Introduction

Psoriasis is a common skin disease characterized by an inflamed, red scaly skin that affects 2–4% of the world’s population.1 Psoriasis involves a dysregulated immune system and is regarded as a T cell-mediated immune disease with a mixed upregulation of T helper type 1/17 (Th1/Th17) cytokines,2 including tumor necrosis factor-α (TNF-α), interleukin (IL)-12, IL-23, IL-22, interferon-γ (IFN-γ) and IL-17A.3 Biological drugs targeting TNF-α (infliximab adalimumab, etanercept) and the p40 subunit of IL12 and IL23 (ustekinumab) are essential for treatment of patients with severe psoriasis. However, approximately one-third of the patients do not respond to a specific treatment4 and require a change in treatment. The consequences of this ‘trial and error’ policy results in periods of nonoptimal treatment for the patient and increased treatment costs, thus calling for ways of identifying the best treatment for each patient. Pharmacogenetics might be a way of predicting treatment response. However, little is known regarding the interaction between genetics and biological drugs in relation to psoriasis.5 Pharmacogenetics has been more thoroughly investigated in inflammatory bowel disease and rheumatoid arthritis, where polymorphisms in genes encoding Toll-like receptors (TLRs) and NOD-like receptors have been found to be associated with response to anti-TNF drugs.6, 7, 8, 9, 10 Nuclear factor-κB plays a major role in controlling inflammation and is an important regulator of pathways leading to expression of cytokines in psoriasis, including IL-1β (http://www.bu.edu/nf-kb/gene-resources/target-genes/). Nuclear factor-κB can be activated by TLRs and NOD-like receptors.
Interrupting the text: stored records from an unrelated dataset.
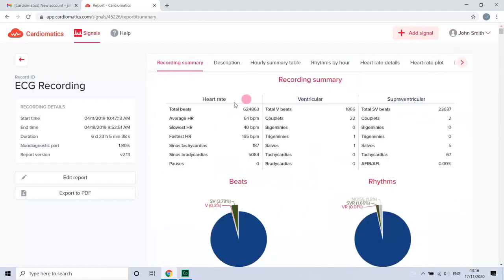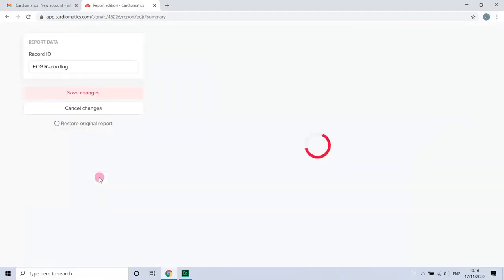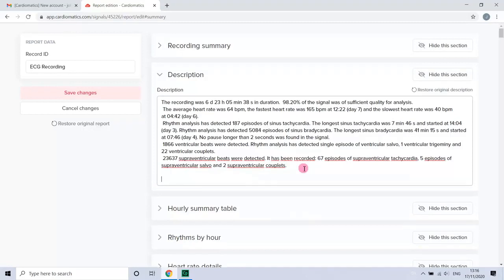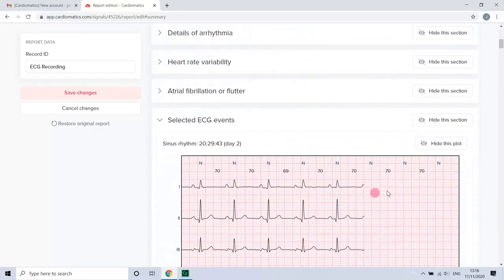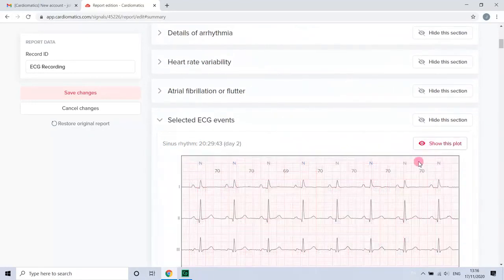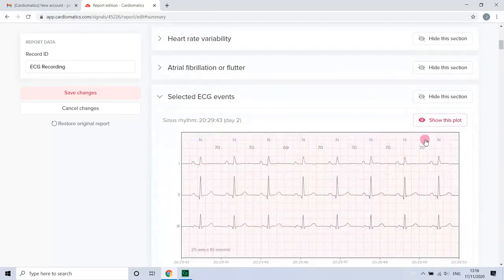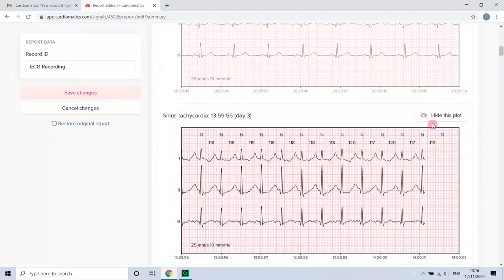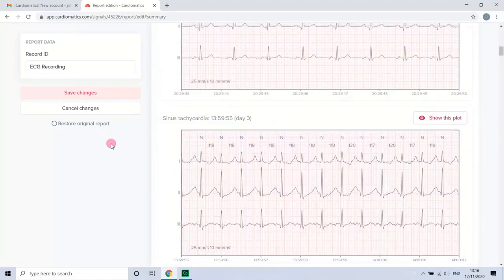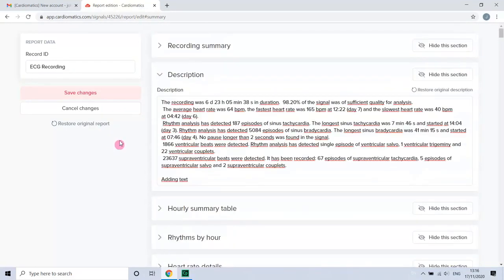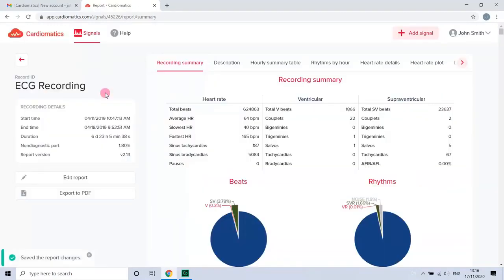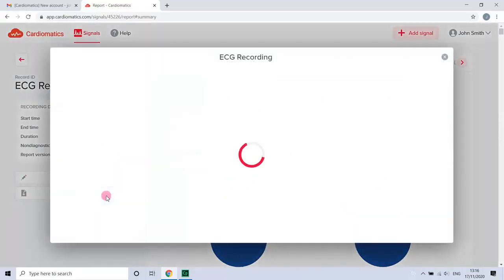You can edit your report. You can export it to PDF, download and print.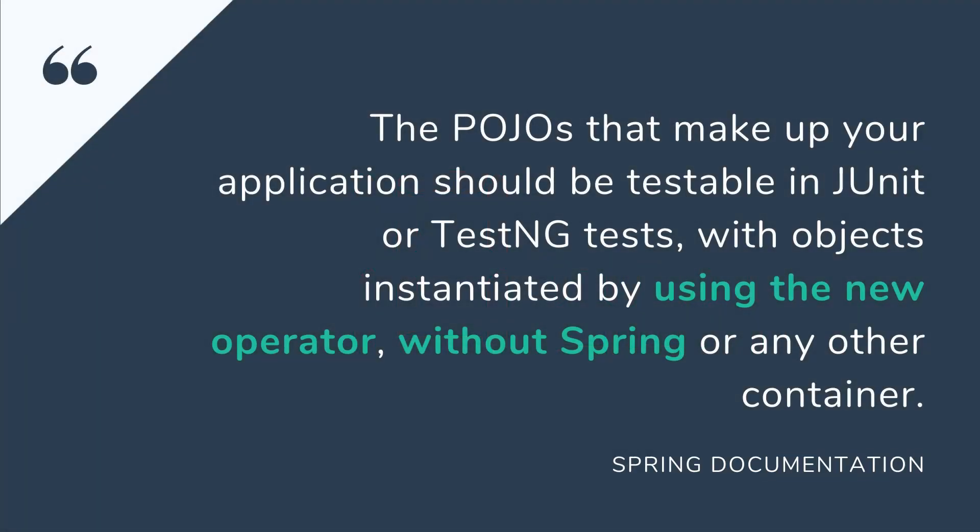Okay so if we cannot use @SpringBootTest what should we do then? Let's take a look. Here is another quote from Spring framework documentation about unit testing. The POJOs that make up your application should be testable in JUnit or TestNG tests with objects instantiated by using the new operator without Spring or any other container.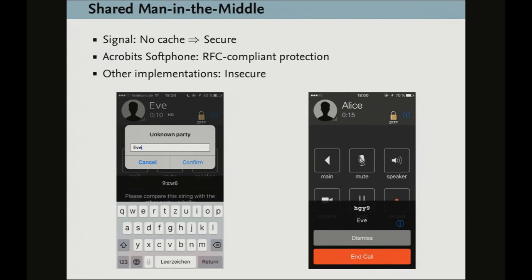In Signal there is no cache — you cannot confirm the SAS — so it's secure against this attack. Acrobits Softphone actually implements RFC-compliant protection: you can enter a string for the participant, which is stored alongside the ZRTP ID in the cache. On a second call you can see the SIP address alongside the ZRTP ID, so a mismatch would be visible. But the user needs to notice this, and I suspect a usability study would show most people don't understand why they need to enter a name here. The other implementations are insecure — there is no way to see which ZRTP ID is being used.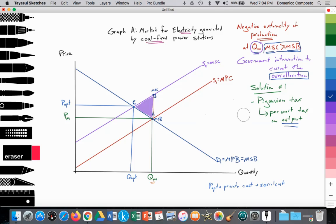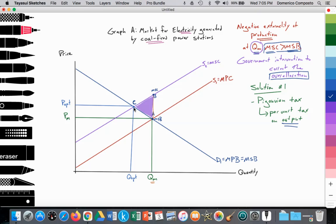The first solution is a Pigouvian tax. We've learned about indirect taxes, and now we use them as a means to achieve the socially optimal quantity. A Pigouvian tax applies a tax on each unit of output — for each kilowatt of electricity generated, there's an additional tax applied. The value of the tax ideally would equal the value of the social cost. Economists, perhaps with environmentalists, will try to quantify the value of that social cost so that a tax on each unit of output can reduce the quantity to the desired level.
The objective of this study was to determine whether variants in genes involved in nuclear factor-κB, TNF-α and pattern recognition (TLRs and NOD-like receptors) pathways could be used to predict response and nonresponse in patients with psoriasis who are treated either with anti-TNF or ustekinumab.

Materials and methods

Cohort

Blood clot samples, sent for Mycobacterium tuberculosis screening, were obtained from Statens Serum Institut (Copenhagen, Denmark); the Department of Respiratory Diseases B and the Department of Clinical Microbiology, Aarhus University Hospital (Aarhus, Denmark); the Department of Biochemistry, Hospital of Lillebaelt (Vejle, Denmark); the Department of Clinical Biochemistry, Herlev and Gentofte Hospital (Hellerup, Denmark); and the Department of Biochemistry, Hospital of Slagelse (Slagelse, Denmark) from September 2009 through July 2015 as described earlier.6, 7, 8, 9 Screening for Mycobacterium tuberculosis before initiation of treatment with biological drugs is generally performed in Denmark. Patients were identified by linking the unique personal identification number of Danish citizens (CPR number) from each blood sample with the Danish national database DERMBIO (Figure 1). DERMBIO is a nationwide registry including all biological administered treatments for psoriasis in Denmark, with a 100% coverage of treatments administered in academic hospitals (88% of treatments) and an estimated coverage of >80% for private clinics (12% of treatments).11 Prospective data were collected from DERMBIO and were supplemented with and validated by information from patient records. If a patient had been given more than one anti-TNF treatment, only the first treatment was included. If a patient had been treated with both anti-TNF and ustekinumab, then both treatment series were included (Figure 1). Patient data included gender; body mass index; age at baseline and at diagnosis; Psoriasis Area Severity Index (PASI)12 and dermatology life quality index scores at baseline, 3 months and 6 months after initiation of the biological drug; side effects; psoriatic arthritis; concomitant methotrexate treatment; drug name; and treatment number. The baseline was defined as day of start of treatment (±14 days), the 3-month visit as 90 days (±45 days) and the 6-month visit as 180 days (±45 days). If more visits were recorded within the periods, the ones closest to the baseline and 3- and 6-month marks were chosen.

Figure 1
figure 1

Selection of patients included in the study.

PowerPoint slide

Ethical considerations

The study was conducted in accordance with the Declaration of Helsinki and was approved by the local regional ethics committees (M-20100153 and S-20120113) and the Danish Data Protection Agency (J. 2010-41-4719 and 2008-58-035). The regional ethics committees gave exemption from obtaining informed consent because information had no health-related impact on subjects.

Response criteria

We chose drug survival (the period of time that a patient receives biological treatment) to be our primary response criterion. Patients treated for 225 days (equivalent to 6 months+45 days) or more were categorized as responders. Patients who stopped treatment before 225 days were categorized as either primary nonresponders or secondary nonresponders. Patients who initially had a response (a relative reduction in PASI of at least 75%—or information from the doctor/health personnel in the patient records that a beneficial effect had been achieved), but where the response diminished over time or treatment was stopped for other reasons (for example, side effects), were categorized as secondary nonresponders, and those who never responded to treatment were categorized as primary nonresponders. Patients who stopped treatment before 225 days for other reasons than lack of effect, and where no information of response was available, were excluded from further analysis.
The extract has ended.